Landscape Architect, rajekbarosch, Vienna
Isolde Rajek studied landscape architecture at the University of Natural Resources and Life Sciences, Vienna, and at TU Wien. Together with Oliver Barosch, she founded rajek barosch landschaftsarchitektur in 2006. Since then the successful duo has worked on various projects at very different scales, always with great empathy for the people and places concerned. Her portfolio includes national and international competition successes and numerous completed projects. In 2015 and 2016 she was awarded the Client’s Prize by the Central Association of Austrian Architects (ZV Bauherrenpreis). Her discreetly elegant design language and the consistently high quality of her atmospheric landscapes have long since ensured the firm’s reputation and a respected position in Austria’s contemporary landscape architecture scene.
Lecture: Good Morning, City!
Friday, June 8, 4:30 p.m.
Parts of Vienna built in the boom period of the mid- to late nineteenth century have been successfully rehabilitated. The city’s socially oriented urban planning from the 1950s to the 1970s also featured housing complexes on suburban estates, and these are now the focus of a programme of qualitative enhancement and social development. With more than six thousand dwellings, several centres offering local amenities, and numerous facilities catering to the social infrastructure, Vienna’s Per-Albin-Hansson-Siedlung is one of the biggest residential estates from this period and is one of the projects featuring in the International Building Exhibition, IBA Wien 2022, in which the process of “soft” urban renewal is to be carried forward and updated.
The Forschungsgruppe Stadt (Urban Research Group), pool Architektur, and rajek barosch landschaftsarchitektur drew up an action plan establishing local development guidelines for the Per-Albin-Hansson-Siedlung. The action plan sees the housing complexes in the social development as a discrete urban type and as an opportunity for socially compatible enhancement. This is based on the idea that these were indeed sociopolitical projects intended to overcome the social and spatial segregation in the city. The new development should be linked to this tradition and its utopian potential. The action plan thus not only calls for a programme of modernization and continued building of the existing stock but also indicates the need for socio-spatial development with regard to educational and cultural facilities, neighbourhood management, healthcare provision, and support for participative, communicative, and democratic processes.
The plan attaches major importance to the development of centres and public space with a new connection to Vienna’s underground rail system. Existing squares are to be given greater emphasis and streets and car parks gradually repurposed. The outskirts of the city are to be woven into the surrounding area to address the discontinuities in the old urban expansion.

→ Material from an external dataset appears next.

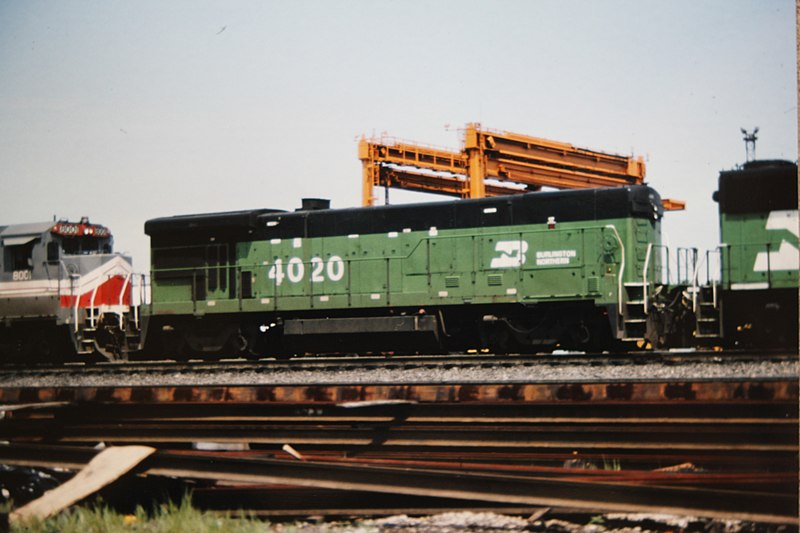 File:Burlington Northern BN 4020 (B30-7AB) (10582758883).jpg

The extensive green areas and large open spaces included in the social development are not only important for the quality of life and resident satisfaction but also take on important functions with regard to an aging society that is responding to climate change. The action plan thus continues the idea of the social city, in which the heavily greened sections of the Per-Albin-Hansson-Siedlung are embedded in the overall landscape mosaic. This will give rise to a new regional park, providing guaranteed open space: a measure that is more vital than ever given the increasing pressures on the exploitation of space.